> **DATA SHOWN**:
++++
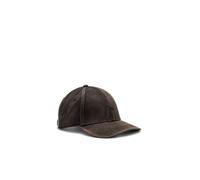 Diesel C- Run-Wash Hat Basco, Nero, Nero, Nero, M Unisex-Adulto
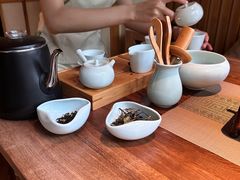 -梅间堂茶馆(绿地缤纷城店)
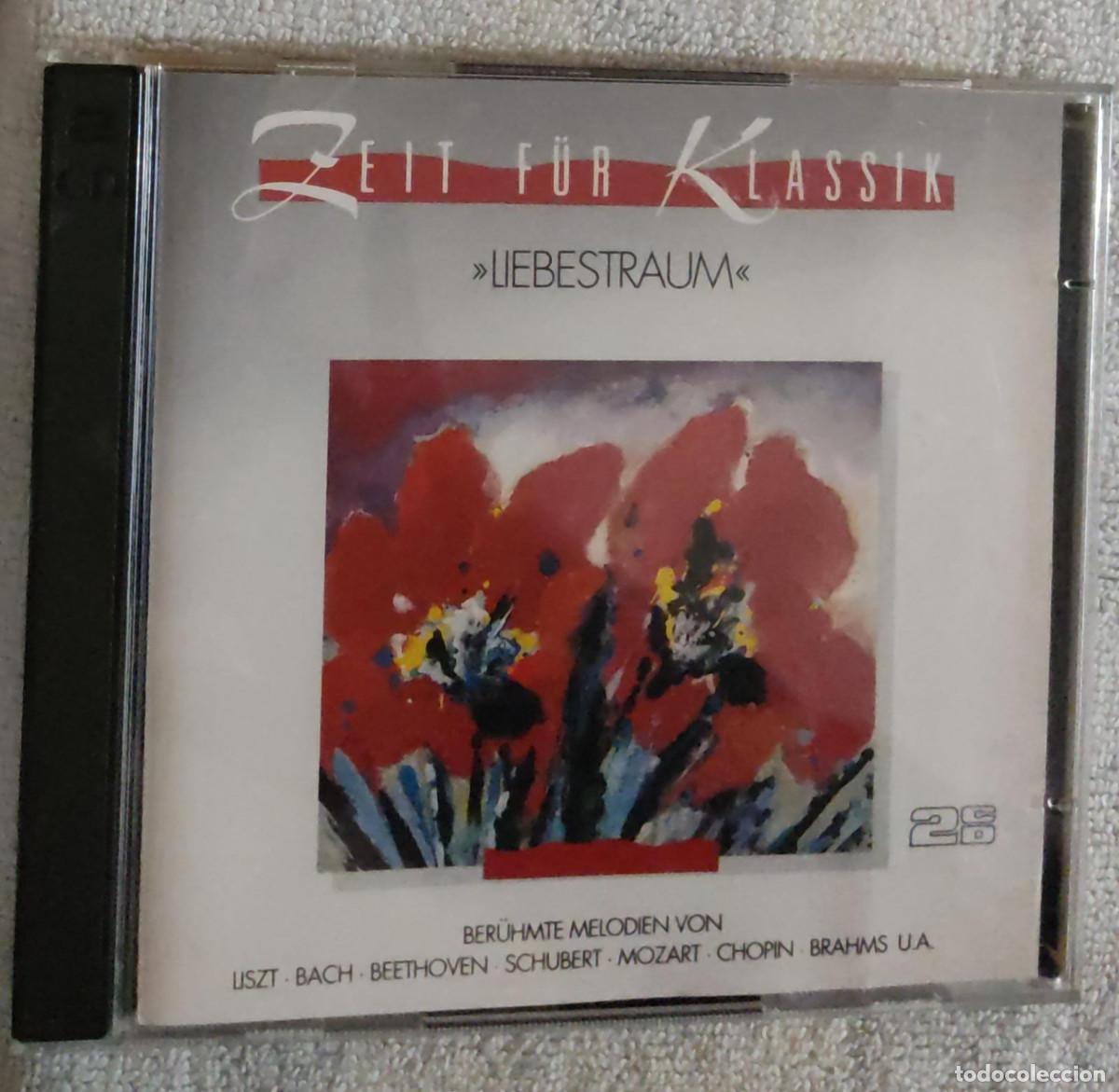 Musik-CDs: ZEIT F&Uuml;R KLASSIK.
++++
> **PROBLEM STATEMENT**:
Exclude the images and output the lines above exactly.

> **EXERCISE RESULT**:
 Diesel C- Run-Wash Hat Basco, Nero, Nero, Nero, M Unisex-Adulto
 -梅间堂茶馆(绿地缤纷城店)
 Musik-CDs: ZEIT F&Uuml;R KLASSIK.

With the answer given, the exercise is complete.